I am so grateful to the History Project and feel very honored to accept this prestigious award. But the truth is, I feel very undeserving of this award. I feel undeserving because there were many moments in the last five and a half years that I wanted to or did give up fighting for justice. I’ve struggled with being the only Black attorney at GLAD and living in one of the whitest parts of this country. There were times I wanted to quit and other times when I wasn’t sure if I wanted to be a lawyer at all.

My fatigue with working in this movement stems from resistance to change.

The LGBTQ movement is in desperate need of a makeover. We need more attorneys of color working in this movement. We need more people of color in leadership positions. We need to accept that racial and economic justice are LGBTQ issues, and most importantly, we need to be open to thinking differently about how we do our legal work with communities of color.

Unwillingness to make these changes is what will keep the LGBTQ movement from tackling some of our most urgent issues that strike at the heart of poverty and racism, which impacts so many LGBTQ people of color. Now more than ever, we need our white allies to speak out, act up, sometimes step aside to make room for people of color, and be open to change.

It is my hope for a more evolved LGBTQ movement, my love for my Black and Brown queer folks, especially my clients, and the unwavering support from my partner of the last five years – plus a little love from our four -year-old chihuahua, Sofie, that has kept me going over the last five and a half years.

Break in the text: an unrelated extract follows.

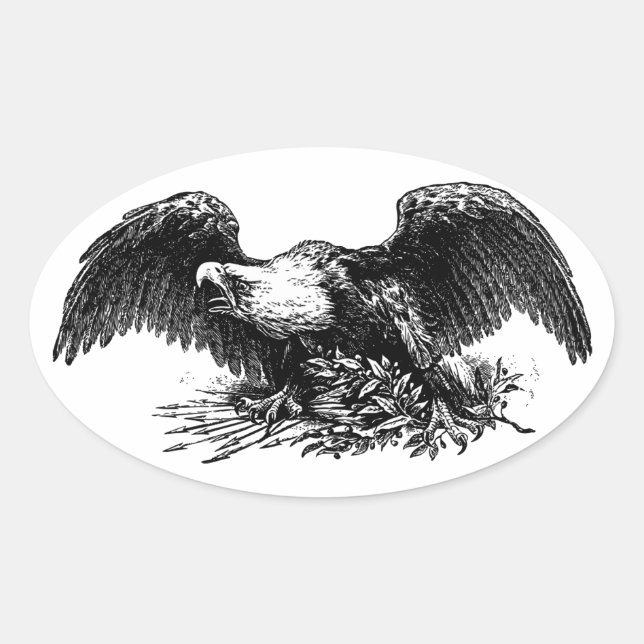Vintage War Eagle Oval Sticker (Front)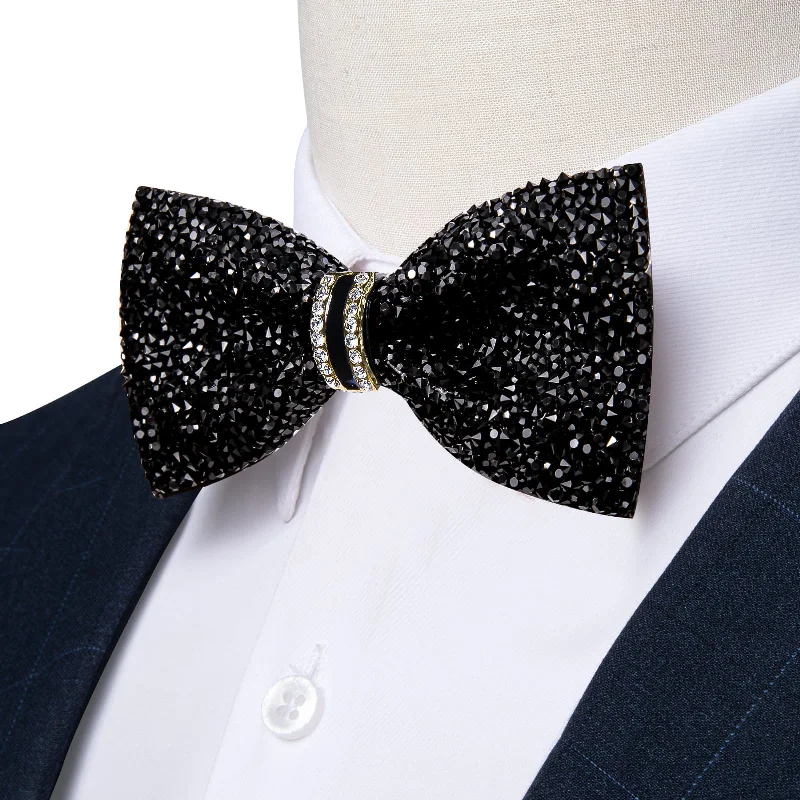 Ties2you Imitated Crystal Bowtie Pure Black Rhinestones Men's Pre Tied Bow Ties For Party Dresses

I am still pursuing my dream of being a bad ass litigator because of my former client, a Black transgender 19-year-old woman who suffered chronic homelessness for most of her teenage life, and had the courage to stand up to a homeless shelter that denied her equal services.

I have not given up because my former client. an LGBTI activist from Uganda, risked his life and his safety to fight for his people.

I still fight because the mother of my Black transgender client knew that her daughter was being treated differently at school because of her race and gender.

I stay in this fight because my Latinx client whose personal struggles with addiction, homelessness, and poverty did not stop them from challenging a religiously-affiliated non-profit service organization’s differential treatment of queer people of color.

I accept this award for my clients whose resiliency and courage to stand up for themselves and others led to change not only for them but for others in similar circumstances.

By accepting this award, I am also making a promise to myself and to my queer POC family, that although I may get tired or angry, lost and dismayed, I will never stop advocating for us.